Public support for wind energy cannot be taken for granted, according to WindEurope chief executive Giles Dickson.
Dickson, who was speaking at the 24th World Energy Congress in Abu Dhabi this week, said that the societal benefits of wind energy must be promoted more, while efforts to involve communities in wind farms and allow them to share the benefits also need to be increased.
Speaking on the panel, ‘Communities and the social license to operate’, Dickson said that “license to operate” means a license to operate from government and society at large and also a license to operate from the local community where the industry wants to build wind farms.
“How we reduce carbon dioxide; how we reduce energy imports because we use the local wind resource; how we support jobs – over 300,000 in Europe – and how our industry earns €8bn exports for the EU economy. It’s a good story. And people get it. Opinion polls show 75-80% of Europeans want more wind,” he said.
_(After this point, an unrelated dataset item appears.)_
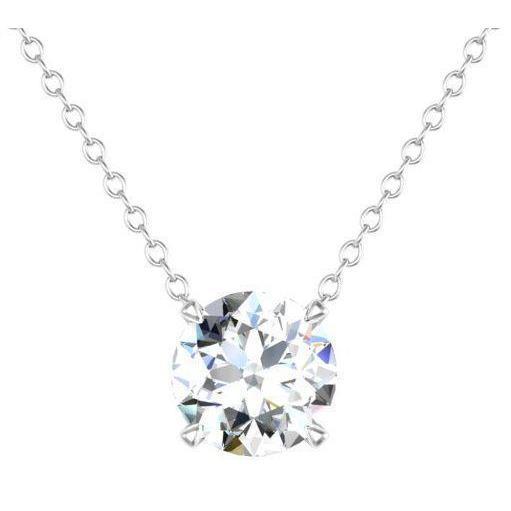 1 Carat Genuine Diamond Necklace Pendant White Gold Sparkling Jewelry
Dickson also said that the wind industry needs to go further than promoting the local economic benefits, such as local jobs, and taxes wind farms pay to the local municipalities.
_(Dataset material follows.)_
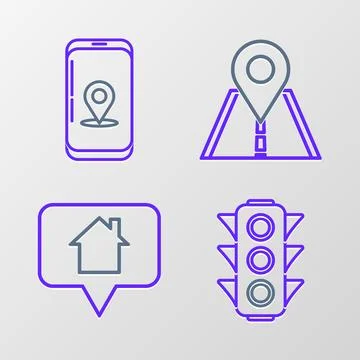 Set line Traffic light, Map pointer with house, Road traffic sign and Infog.. 스톡 일러스트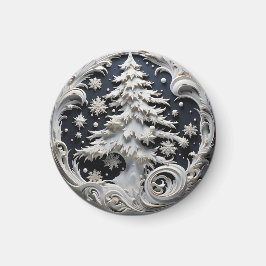 3Dエフェクト クリスマスツリー 丸型マグネット マグネット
He said: “We need to involve the local community directly in our projects and allow them to profit directly from them.
“Essentially, this is about participation. Project developers need to engage the community from the very start, when drawing up the initial plans for a wind project. This process needs to be transparent and inclusive.”
Dickson also underlined that how the industry communicates is just as important as what it communicates.
“This process is not a public consultation, where you’re trying to get people to agree with a conclusion you’ve already reached. It’s a learning exercise where you allow residents to assess the pros and cons of a project and you learn what their needs are.”
Dickson urged project developers to be sensitive to people’s sense of place and attachment and their emotional connection to the landscape and environment.
He stressed that it is important to explain how people will benefit economically and offer them a model for that – not just in terms of jobs, but in terms of the whole community. “‘Benefit’ does not mean ‘compensation’ or ‘inducement.’ It’s about reinvestment of revenues from the wind farm to serve the community.”
Dickson highlighted several models for this, including shared ownership and cooperatives. “It doesn’t matter which model you use,” he said. “So long as it’s based on partnership with the community and has buy-in from the key community groups and the local government. Crucially, it needs to be based on common interest.”